▶ _ABOUT THIS TASK_
What lines in the entries hold the string "going"? List them.

▶ _SOURCE DATA_
++++
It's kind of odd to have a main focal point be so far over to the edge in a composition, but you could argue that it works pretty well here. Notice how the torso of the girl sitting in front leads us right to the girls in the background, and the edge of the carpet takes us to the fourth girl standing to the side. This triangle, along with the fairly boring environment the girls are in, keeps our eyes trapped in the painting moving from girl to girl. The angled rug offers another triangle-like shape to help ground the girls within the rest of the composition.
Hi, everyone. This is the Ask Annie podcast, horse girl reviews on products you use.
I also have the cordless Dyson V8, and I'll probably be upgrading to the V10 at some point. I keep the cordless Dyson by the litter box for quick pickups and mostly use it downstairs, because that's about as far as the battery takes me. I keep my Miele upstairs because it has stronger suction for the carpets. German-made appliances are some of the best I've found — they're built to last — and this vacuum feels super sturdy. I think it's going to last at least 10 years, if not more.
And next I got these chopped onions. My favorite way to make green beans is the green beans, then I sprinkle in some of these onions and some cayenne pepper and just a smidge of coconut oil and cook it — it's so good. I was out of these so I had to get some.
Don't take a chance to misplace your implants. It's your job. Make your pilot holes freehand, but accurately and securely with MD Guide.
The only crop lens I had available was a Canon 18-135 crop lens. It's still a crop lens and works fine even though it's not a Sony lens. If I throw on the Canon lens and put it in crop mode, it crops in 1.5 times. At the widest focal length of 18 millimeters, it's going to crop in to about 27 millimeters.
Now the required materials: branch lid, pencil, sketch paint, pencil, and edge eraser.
++++
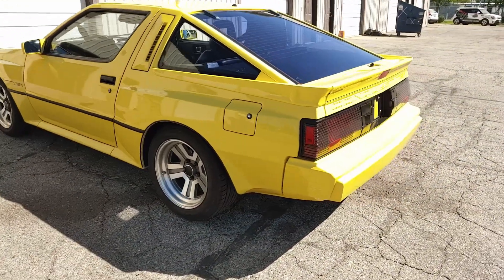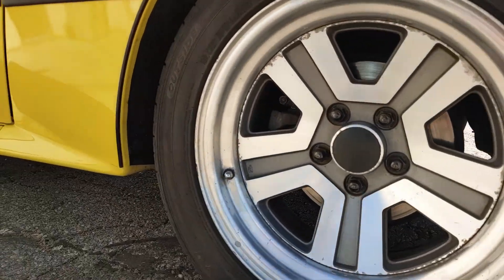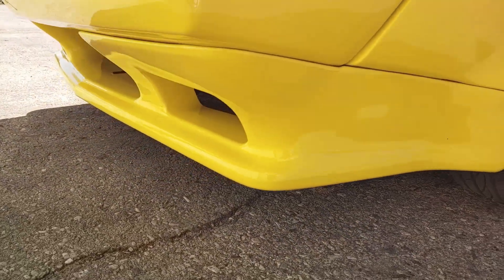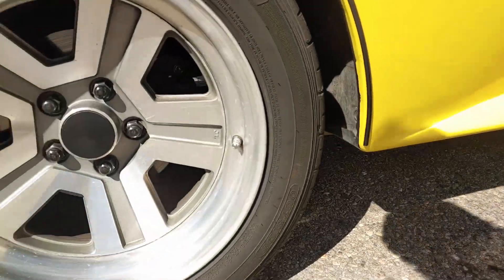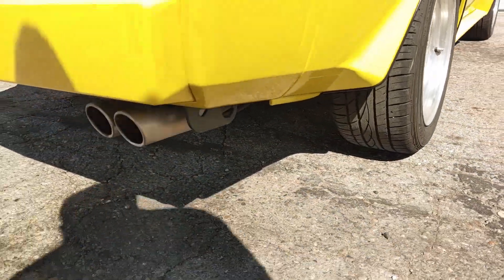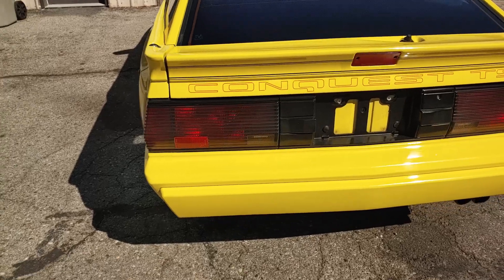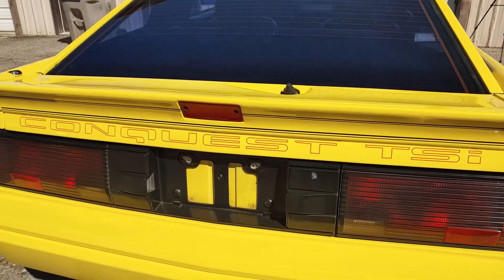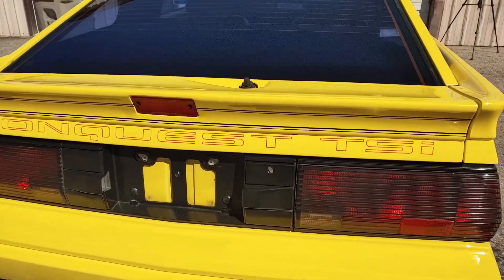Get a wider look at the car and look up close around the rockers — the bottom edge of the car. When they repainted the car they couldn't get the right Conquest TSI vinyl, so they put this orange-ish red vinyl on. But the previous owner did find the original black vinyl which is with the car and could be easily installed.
++++
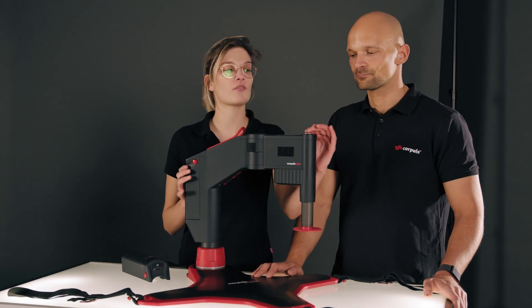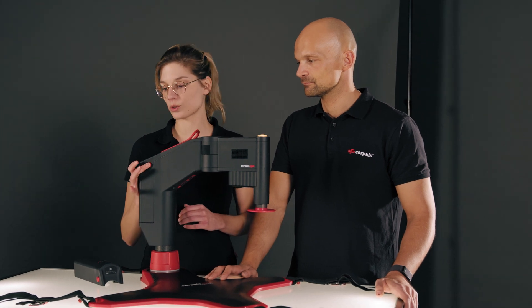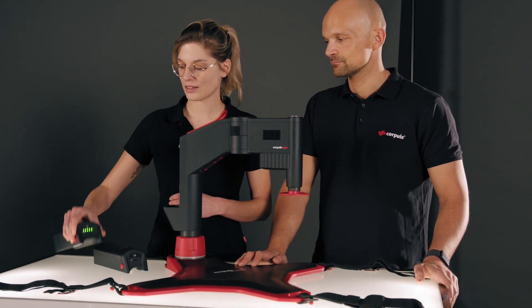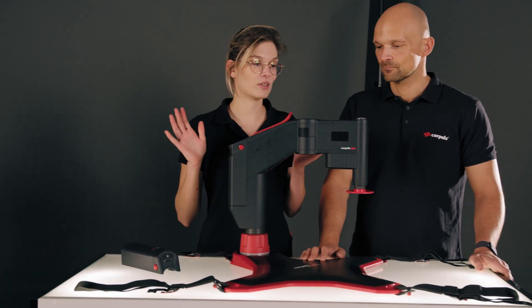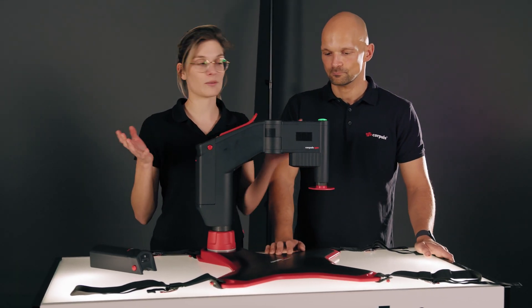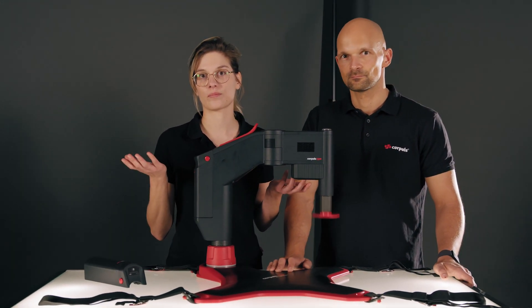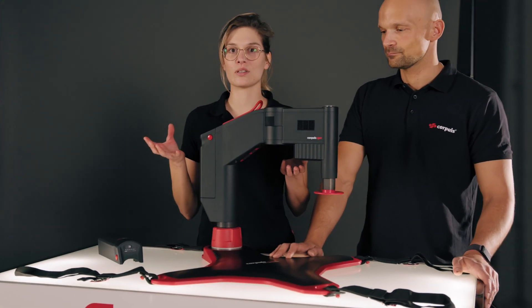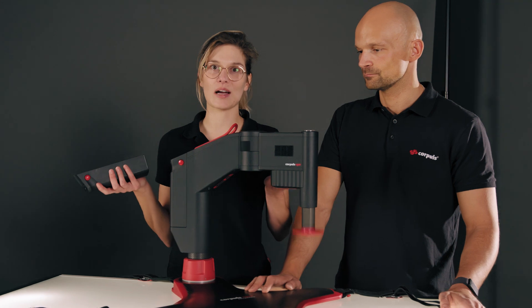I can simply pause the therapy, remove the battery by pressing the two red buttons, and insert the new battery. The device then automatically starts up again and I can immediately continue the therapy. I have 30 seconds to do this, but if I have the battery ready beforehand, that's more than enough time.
++++
▶ _ANSWER TO THIS TASK_
I also have the cordless Dyson V8, and I'll probably be upgrading to the V10 at some point. I keep the cordless Dyson by the litter box for quick pickups and mostly use it downstairs, because that's about as far as the battery takes me. I keep my Miele upstairs because it has stronger suction for the carpets. German-made appliances are some of the best I've found — they're built to last — and this vacuum feels super sturdy. I think it's going to last at least 10 years, if not more.
The only crop lens I had available was a Canon 18-135 crop lens. It's still a crop lens and works fine even though it's not a Sony lens. If I throw on the Canon lens and put it in crop mode, it crops in 1.5 times. At the widest focal length of 18 millimeters, it's going to crop in to about 27 millimeters.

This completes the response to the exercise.